Ex-presidente do Banco Central (1997-99) e um dos formuladores do Plano Real, é doutor em economia pela Universidade Harvard e fundador da Rio Bravo Investimentos

Ideias mudaram após 25 anos de reservas e de moeda estável

Gustavo Franco
Tudo o que o Banco Central almeja com a iniciativa é correto e meritório, como se lê em seu website: “favorecer o ambiente de negócios, particularmente o comércio exterior e a atratividade dos investimentos estrangeiros, maior desenvolvimento aos mercados financeiro e de capitais”.

Quem é contra essa pauta, é ruim da cabeça ou doente do pé. Acho, todavia, que a maior parte do trabalho de liberalização cambial já estava praticamente completo em 2006 (lei 11.371, assinada pela trinca neoliberal Lula-Mantega-Meirelles) quando foi alterada uma lei de 1933 que obrigava os exportadores a internalizarem as divisas que produziam.

Logo antes tinha havido a unificação dos mercados de câmbio (comercial e flutuante, e isso não precisou de lei), e na ocasião os dirigentes do Banco Central circulavam com uma apresentação power point que, no slide 18, dizia “tudo é permitido (desde que haja identificação)”. Tempos heroicos.
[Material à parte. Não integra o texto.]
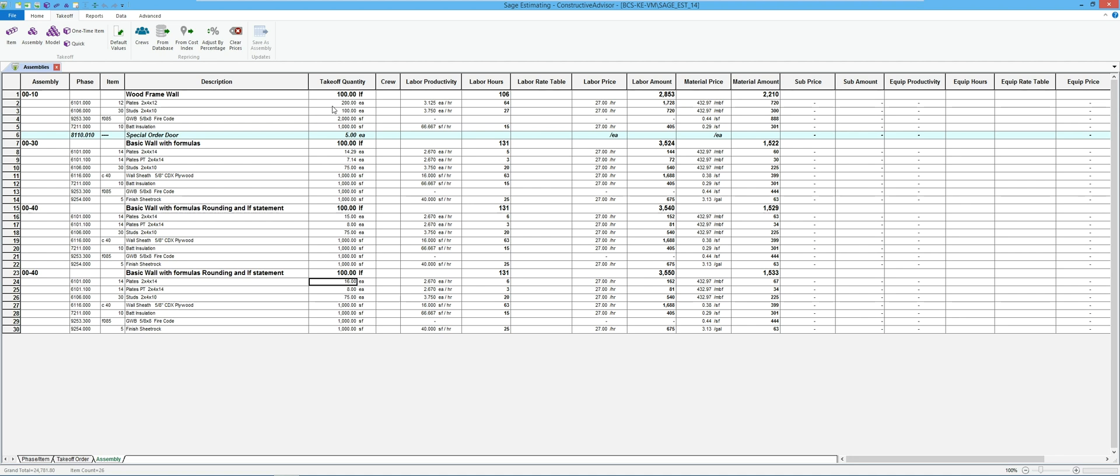It could be used for things like maybe changing waste factors or how something gets calculated. So if a footing is formed, maybe I can say that we've got five percent waste. If the footing's not formed, maybe I got fifteen percent waste, things of that nature.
O histórico detalhado desse percurso está nos capítulos 3 e 4 do meu livro, “A Moeda e a Lei” (ed. Zahar). Hoje em dia, a televisão não dá mais a cotação do paralelo, mas até na novela tem merchandising —ou impulsionamento de conceitos. Pois, então, temos aqui uma pequena recomendação de leitura.

Bem, desde os anos 1990 vínhamos enfrentando um problema estético: as disposições legais sobre moeda estrangeira estavam dispersas em muitas leis, de várias safras, algumas bem antigas. Nada que prejudicasse a vigência de uma regulamentação cambial consistente com a globalização, que se fazia no nível “infralegal”, como dizem os advogados.

Era um problema de estética legislativa, não de segurança jurídica. Lembrem-se que existem medidas provisórias, e que tudo que for revogado agora poderá voltar de um dia para outro em uma canetada. Pois bem, um projeto de consolidação já tramitava no Congresso desde meados dos anos 1990, ao menos, mas não era a única ideia circulando sobre esse tema.

Lembro bem do ex-senador Mauro Benevides (CE), pai do atual deputado de mesmo nome e assessor econômico de Ciro Gomes durante a campanha de 2017. Ele, o pai, tinha um projeto cujo título era “o estatuto do capital estrangeiro”. O objetivo era a reforma da lei 4.131/62 (que disciplina a aplicação do capital estrangeiro e as remessas para o exterior), mas numa direção imensamente mais restritiva, o contrário do que pretendíamos.

O Banco Central nunca quis apoiar o projeto do simpático senador Benevides, nem nada parecido, ou sobre o mesmo tema, e a razão era explicada por uma fala bem-humorada do próprio senador, sempre lembrada no BC: “Se vocês não gostarem do meu projeto, mandem o de vocês. O relator serei eu mesmo, a gente combina o produto final”, dizia Benevides.

Na nossa percepção, a intersecção entre as ambições liberalizantes do BC, que continuam as mesmas, e as do senador, eram inexistentes.

O problema hoje não é o projeto do BC —que é bom e se parece com minutas que eu vi circular nos anos 1990—, mas com o substitutivo do relator, que vamos conhecer em meses. Se tudo der certo, não haverá retrocesso.

Depois de um quarto de século de moeda estável e de muitas reservas cambiais, as ideias sobre câmbio progrediram. Muitos preconceitos arraigados sobre assuntos cambiais se tornaram obsoletos. Ou não. Tomara que sim, mas temo que não.

Acharia mais prudente deixar que o tempo continuasse a operar a sua mágica e não correria tantos riscos por conta da introdução de contas em dólares para pessoas físicas. Na época da inflação era assunto explosivo e desestabilizador. Hoje, me parece assunto velho e inútil, como o limite de US$ 500 para quem viaja, que está parado há muitos anos (não confundir com compras free shop, outro assunto velho).